Combat Diary #1 2/2
by, 02-18-2010 at 11:22 AM (1369 Views)
The bulk of my post regards the 'Iraq Patrol Incident' yesterday. I seem to have offended Beta, someone who I have counted as a friend since my PR days, by my conduct as an insurgent sniper. Scope shut down the 'debate' but it appears there was an AO restriction on that mission which was visible to BLUFOR, something along the lines of 'Combat doesn't start until the Americans get inside of town and the insurgents aren't allowed outside of town'. Of course if a mission has rules like this I obey them, provided I am made aware of them. Unfortunately the Independant side has no briefing, tasks, notes, map, compass, nothing. You simply spawn near a water tower with some boxes of guns and have to orienteer what direction north is. I gathered from conversations with teammates that the objective was to 'defend the ammo cache', which was funny because we had no way of knowing where that cache was, unless it happened to be the three boxes at our feet in the middle of an open field next to an easily recognized landmark. Now this isn't a jab at the mission maker, aside from the technical detail that I had no briefing I have no objective complaints. Subjectively I feel that an insurgent character should always get a map since he's likely in his own home town. Additionally I find 'ammo cache' missions to be tired from a gameplay perspective, although alternatives aren't readily accepted or exactly easy to do.
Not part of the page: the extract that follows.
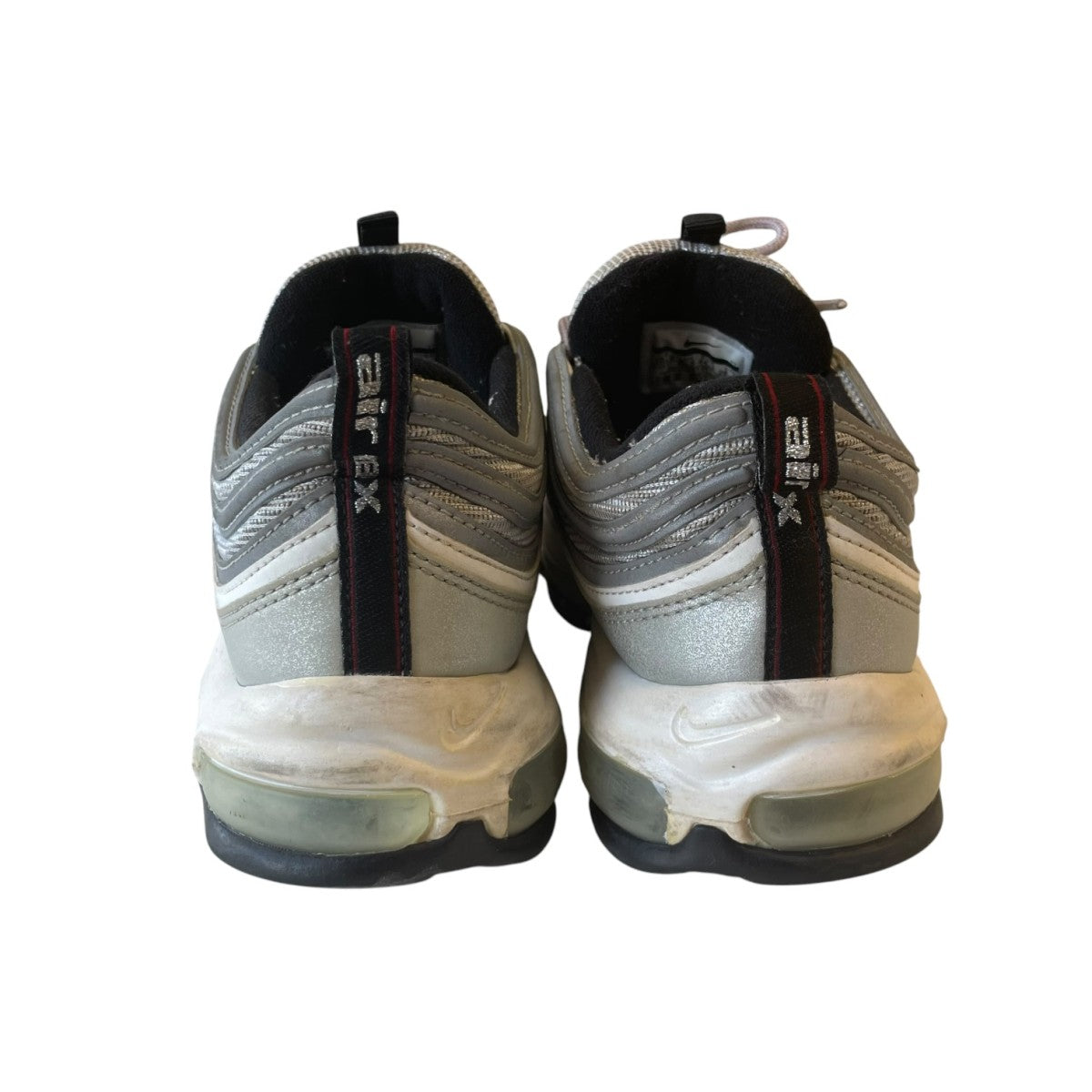 Air Max 97 OG  Silver Bulletスニーカー884421-001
But that's just one architect thinking another architect uses too much brick and not enough glass. What was a solid, concrete problem was that Blufor was operating under one set of rules, and Independants had no rules whatsoever. This is a foundational problem with the building and not just aesthetics. Scope laid out three ground rules for us; No griefing (and he announced he would be judge, jury and legislative branch regarding what was griefing), Try not to kill civilians, and the Insurgents had five minutes to set up. Well, having no idea what I should be defending and thus setting up around, I proceeded to swap out my AKM for an SKS and go play sniper. And since I had five minutes to set up, I made a dash northwest, hoping to catch the enemy before they got into town.
I picked a roof to set up on with a waist-high parapet wall, a backdrop to conceal my profile and a ramp that exited away from the enemy. Then I simply set up watching the gate. I didn't know if Scope had already released the hounds and I was watching an empty base, and I also didn't know if there were going to be snipers up on the tower waiting for me. I was very sincerely concerned I was walking into an M24 scope as I climbed my ramp. There was also the possibility the enemy would roll out in a Stryker or a Bradley or an M1024 and I'd be SOL with my semi-automatic, intermediate powered stripper-clip fed carbine. But nothing like that happened. Blufor just walked out, single file, like schoolkids going to recess.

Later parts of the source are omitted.